Whether or not you've seen this poem, probably many of you have encountered Sam and his poetry — on twitter @semaphore, on facebook, at his 'Semaphore' blog, or as a presenter at dVerse for some months, where he taught us well about traditional forms (and cured my fear of the sonnet). I first became aware of him in 2009 when Collin Kelly and Didi Menendez compiled a collection by poets on twitter, which included us both. (It was issue #24 of a magazine called OCHO). Ever since then I've been a huge admirer.

You can always count on him for originality. Even when he is using traditional forms, he finds new ways to use them, such as writing a sonnet which is also a ghazal. And I find his use of language very beautiful.

He has not merely one distinguished career but several simultaneously, in literature, science and business. He also writes music. Here, concentrating on the literary, are the impressive details taken from his facebook profile:

Sam is the author of five poetry collections, all of which rose to #1 on the Amazon Kindle Hot New Releases in Poetry, and all of which have hit the Top 10 Bestsellers list in their Amazon Kindle Poetry category.

Sam has won awards for his poetry in the US, Asia, the UK, and Canada. At 19 he was the youngest to win a Palanca Award for Literature for his manuscript 'Pacific'. At 24 he was a winner in the BBC and the UK Poetry Society’s National Competition for 'Hush'.

The League of Canadian Poets included 'A Mother', 'Concatenations' and 'Savannah' in its award anthology series. In 2000, an analysis of 'A Mother' was included in provincial examinations.

In 2002, he accepted an Innovative Technology Achievement Award from the Digital Literature Institute for ebook software development. 

Until 2009, Sam took a hiatus from literature to write music and lyrics as 'Sam Parr', and for other musicians and bands. His music garnered thousands of followers on MySpace, and played in front of thousands more in live venues. 

In 2010, Sam placed # 1 in the voting for the Best Poetry on Twitter; and was listed at #29 in a compilation of the Top 100 Twitterers in the Book World. 

In 2011, he placed 12th in a Facebook reader's poll of favourite classic and modern poets; a poll topped by William Shakespeare, Robert Frost and Pablo Neruda. Samuel was the #2 favourite living poet on the list, behind Leonard Cohen.

In 2011, Sam was also named to the Top 10 List of Most Influential People on Twitter That You Don't Know. Also in 2011, his poem "Radar" was shortlisted for the ARC Poem of the Year.

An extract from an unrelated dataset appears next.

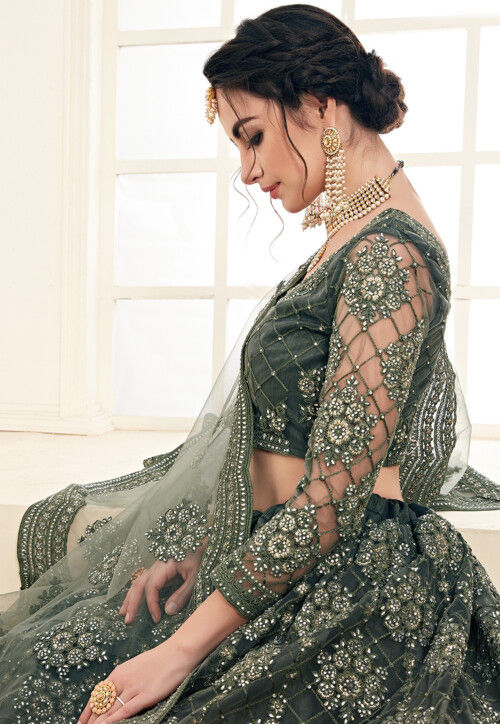 Embroidered Net Lehenga in Olive Green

In 2012, he released "Sonata Vampirica", which rose to #1 on the Amazon Kindle Hot New Releases in Poetry, and #1 on the Amazon Kindle Bestsellers list for poetry. His subsequent collections all hit #1 on the Hot New Poetry Releases list, and all hit the Top 5 Poetry Bestsellers list.

In 2013, Sam was tapped as a juror in the Scholastic Writing Awards, for Poetry. "Sonata Vampirica" was shortlisted for the Elgin Award.

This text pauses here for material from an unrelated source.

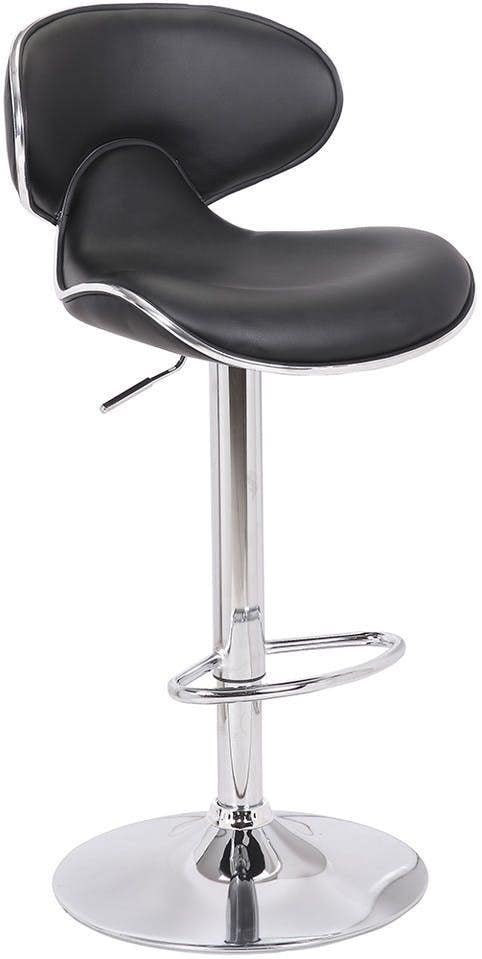Lamboro Carcaso Faux Leather Bar Stool, Adjustable Swivel, Chrome Base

Over 2013-2014, he branched into support for independent filmmakers, helping fund nearly 50 short and feature films; becoming Associate Producer for "Trust Me", "Splinter", "Decon", "Rest Stop", "All the Marbles", "Mai Mai Miracle"; and Executive Producer for "Closure", "Flower Girl", "Dorsal", "A Letter from Vienna", "Butterfly", "Little Fishes", and "A Murder of Crows".

His music continues to be produced and performed by independent musicians, notably Friedrick Ryan and Paul Grai.

By day, Sam is a high technology business executive.

His poems have been featured in Combustus, Existere, The Malahat Review, Metazen, MiPoesias, OCHO, Poets and Artists, Undercurrents, Scholastic, Seedpod, and elsewhere. He has written a regular column on poetic form for the Dverse Poetry online blog, and edits The Semaphore Anthology, a journal of poetry he wishes he'd written, but didn't.

Lately he has been bursting into print as a fiction writer. His Amazon page connects you to both his fiction and his poetry.

You can sign up here to his newsletter to keep up with his latest literary endeavours, and even receive gifts of new reading matter now and then.

Samuel Peralta has become one of my favourite poets. He's also a very nice person, generous to others and showing no signs of the conceit to which he might seem entitled.